WHAT THE TASK REQUIRES: Only the pictures stay out; please return all the entries below exactly as written.

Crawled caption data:
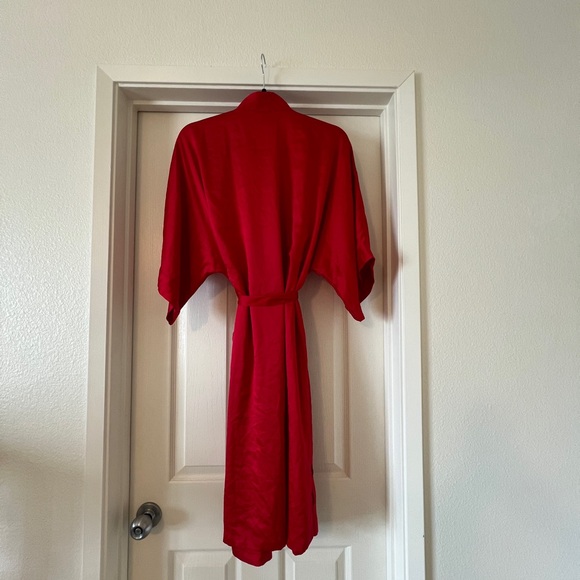 Victoria’s Secret Satin Robe - Picture 3 of 4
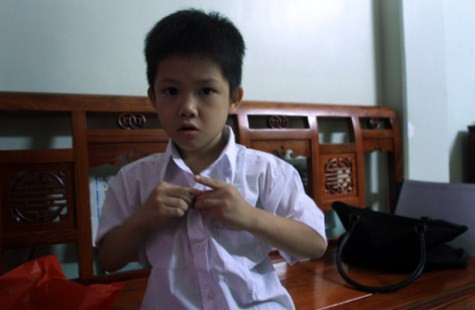 Cậu bé háo hức thay áo mới đến trường. Chùm ảnh: Đáng yêu những 'thiên thần nhỏ' ngày khai trường >> Rơi nước mắt, học sinh quỳ đất trong lễ tựu trường Chùm ảnh: Nét hồn nhiên của các bé khiếm thính ngày tựu trường Chùm ảnh: Đáng yêu những 'thiên thần nhỏ' ngày khai trường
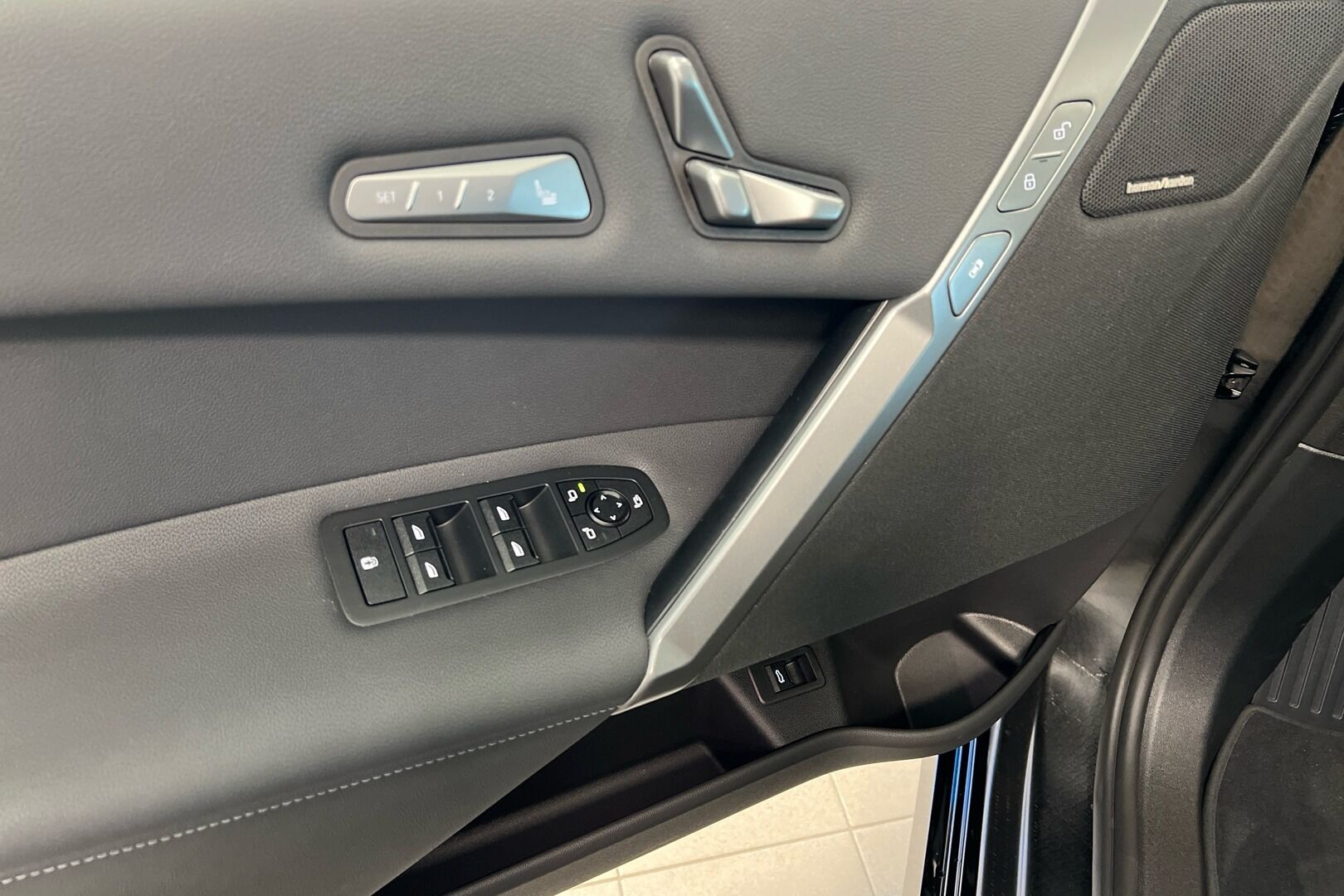 BMW iX iso kuva 18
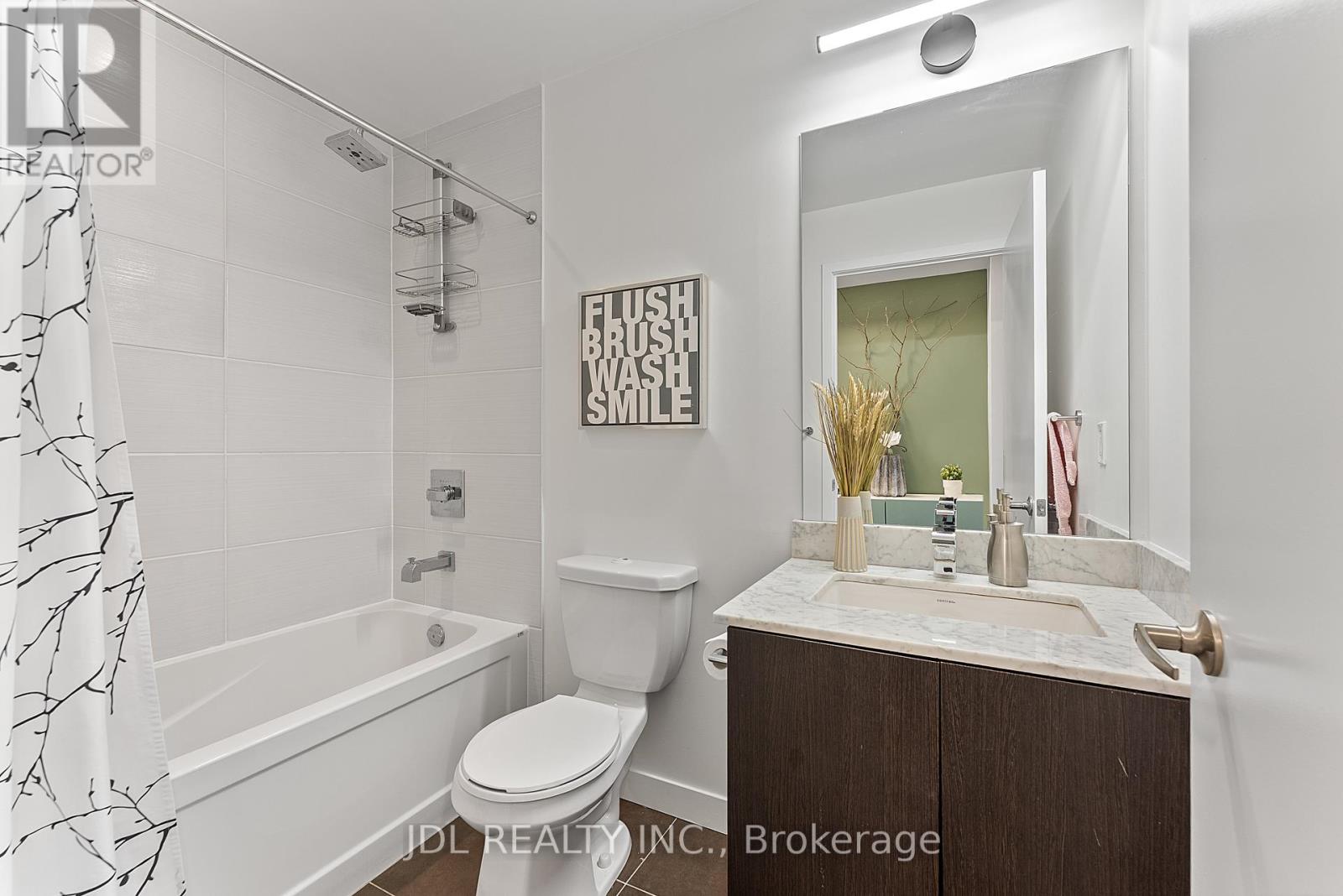 301 - 2055 Danforth Avenue, Toronto (Woodbine Corridor), Ontario  M4C 1J8 - Photo 23 - E12211132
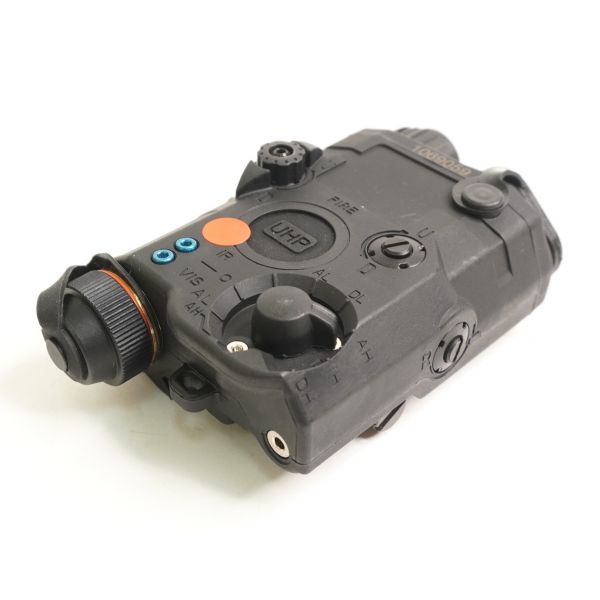 Тактический блок (фонарь с ЛЦУ) FMA PEQ/LA5-C Upgrade Version BK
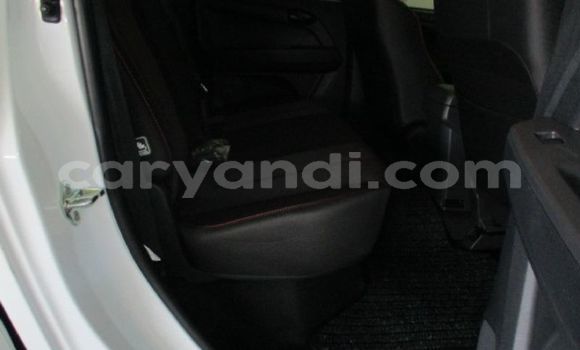 Buy Used Isuzu D–MAX White Car in Livingstone in Zambia Buy Used Isuzu D–MAX White Car in Livingstone in Zambia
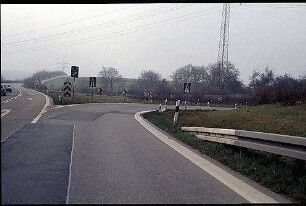 Einfahrt in Kreisel (Wendlingen Richtung München)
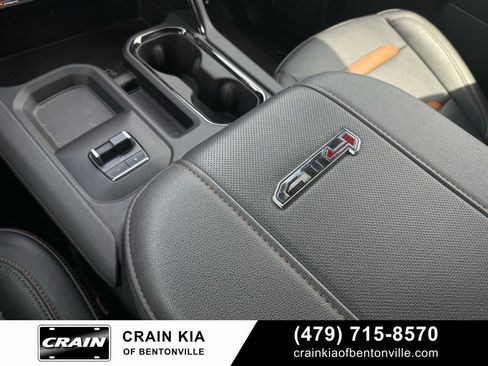 Used 2024 GMC Sierra 2500 AT4 w/ AT4 Premium Plus Package AWD/4WD image 19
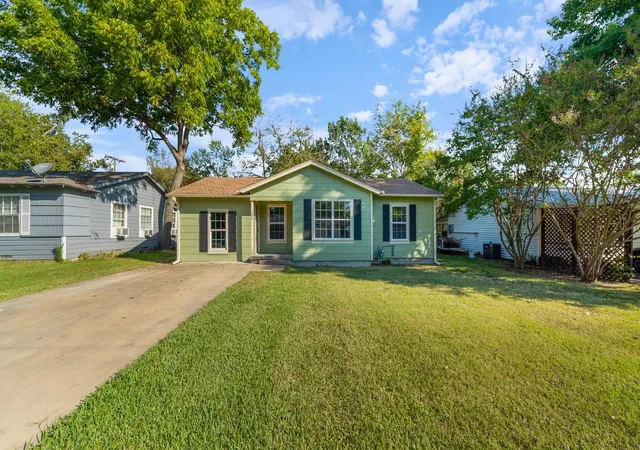 Homes for sale in Kaufman, TX | 205 E 7th St, Kaufman, TX 75142 | MLS# 21236484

EXERCISE ANSWER:
 Victoria’s Secret Satin Robe - Picture 3 of 4
 Cậu bé háo hức thay áo mới đến trường. Chùm ảnh: Đáng yêu những 'thiên thần nhỏ' ngày khai trường >> Rơi nước mắt, học sinh quỳ đất trong lễ tựu trường Chùm ảnh: Nét hồn nhiên của các bé khiếm thính ngày tựu trường Chùm ảnh: Đáng yêu những 'thiên thần nhỏ' ngày khai trường
 BMW iX iso kuva 18
 301 - 2055 Danforth Avenue, Toronto (Woodbine Corridor), Ontario  M4C 1J8 - Photo 23 - E12211132
 Тактический блок (фонарь с ЛЦУ) FMA PEQ/LA5-C Upgrade Version BK
 Buy Used Isuzu D–MAX White Car in Livingstone in Zambia Buy Used Isuzu D–MAX White Car in Livingstone in Zambia
 Einfahrt in Kreisel (Wendlingen Richtung München)
 Used 2024 GMC Sierra 2500 AT4 w/ AT4 Premium Plus Package AWD/4WD image 19
 Homes for sale in Kaufman, TX | 205 E 7th St, Kaufman, TX 75142 | MLS# 21236484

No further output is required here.